Tam bir komedyen Beppe; politik alanda da bu özelliğini elden bırakmıyor. Son ortaya attığı dava, senatörlerin halk oyuyla değil torbadan şansına çekiliş yapılarak belirlenmesi; o teklifini yakınlarda biraz daha ileriye taşıdı Beppe ve Meclis’in tamamının aynı yöntemle, torbadan öylesine seçilecek isimlerle belirlenmesini teklif etti.

Kendisi seçimlerde aday olmuyor; partisinden Meclis’e, Senato’ya ve Avrupa Parlamentosu’na seçilmeyi başaranların çoğu aslında ‘torbadan çıkmış’ görüntülü kişiler…

Öyle veya böyle, bugün Roma ve Turin’in belediye başkanları Beppe’nin gösterdiği adaylardı; Virginia Raggi Roma’da, Chiara Appendino Turin’de belediyenin başında. Geçen yıl yapılan genel seçime tek başına girdi M5S ve ittifak oluşturmadan seçime giren en başarılı parti oldu. M5S halen İtalya’yı yöneten hükümette ortak.

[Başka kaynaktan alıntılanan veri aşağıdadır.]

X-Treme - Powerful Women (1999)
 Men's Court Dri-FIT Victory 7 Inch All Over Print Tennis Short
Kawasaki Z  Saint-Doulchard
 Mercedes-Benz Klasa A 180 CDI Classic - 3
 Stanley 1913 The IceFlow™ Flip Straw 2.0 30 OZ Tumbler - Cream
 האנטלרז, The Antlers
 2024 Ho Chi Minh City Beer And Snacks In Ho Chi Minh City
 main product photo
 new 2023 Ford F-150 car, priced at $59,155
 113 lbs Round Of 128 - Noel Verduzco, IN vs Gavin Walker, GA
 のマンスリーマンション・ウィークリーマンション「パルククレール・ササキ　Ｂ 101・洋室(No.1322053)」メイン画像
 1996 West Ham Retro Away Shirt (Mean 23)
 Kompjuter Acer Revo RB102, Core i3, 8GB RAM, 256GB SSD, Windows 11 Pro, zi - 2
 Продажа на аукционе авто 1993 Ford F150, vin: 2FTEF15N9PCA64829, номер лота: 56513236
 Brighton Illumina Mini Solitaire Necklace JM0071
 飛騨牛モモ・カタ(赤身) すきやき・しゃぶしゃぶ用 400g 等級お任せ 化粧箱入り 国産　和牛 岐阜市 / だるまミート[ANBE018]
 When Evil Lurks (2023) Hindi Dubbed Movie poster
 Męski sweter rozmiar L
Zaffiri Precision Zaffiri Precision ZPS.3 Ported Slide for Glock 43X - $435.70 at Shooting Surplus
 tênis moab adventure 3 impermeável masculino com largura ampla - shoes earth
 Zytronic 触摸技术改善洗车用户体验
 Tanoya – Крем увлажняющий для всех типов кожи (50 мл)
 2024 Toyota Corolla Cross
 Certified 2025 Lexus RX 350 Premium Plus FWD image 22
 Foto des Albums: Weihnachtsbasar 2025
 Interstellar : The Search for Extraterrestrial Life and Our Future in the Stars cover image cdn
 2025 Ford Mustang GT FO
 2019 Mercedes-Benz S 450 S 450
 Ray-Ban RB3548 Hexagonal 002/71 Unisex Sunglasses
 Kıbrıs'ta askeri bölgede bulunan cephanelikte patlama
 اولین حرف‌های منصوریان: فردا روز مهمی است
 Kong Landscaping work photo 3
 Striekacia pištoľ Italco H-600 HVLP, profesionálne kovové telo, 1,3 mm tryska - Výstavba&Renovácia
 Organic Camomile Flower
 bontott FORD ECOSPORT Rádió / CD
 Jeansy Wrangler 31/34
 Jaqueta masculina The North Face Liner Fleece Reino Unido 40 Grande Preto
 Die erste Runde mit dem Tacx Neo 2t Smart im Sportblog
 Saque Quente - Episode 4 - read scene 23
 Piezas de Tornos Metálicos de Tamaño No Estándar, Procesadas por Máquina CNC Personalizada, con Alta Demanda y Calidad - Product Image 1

Ukrayna ve İtalya’da bu gelişmeler beni bir süredir bayağı düşündürüyor.

Halk ne demek istiyor?

Halk ciddi görünümlü politikacılardan mı bıkmış da böyle bir yola başvuruyor? Yoksa başa kim gelirse gelsin, yönetimde hangi eğilimden insanlar bulunursa bulunsun, savunulan görüşler arasında bir fark görmediği için mi farklı olduklarını düşündüğü televizyon şahsiyetlerini ‘Zat-ı devlet’ konumuna yükseltmeye veya onların karşısına aday olarak çıkardığı kişilere oy vermeye başladı?

Daha da önemli soru şu: Bundan sonra sırada hangi ülke var?

İzlemeye devam edeceğiz, başka çare yok.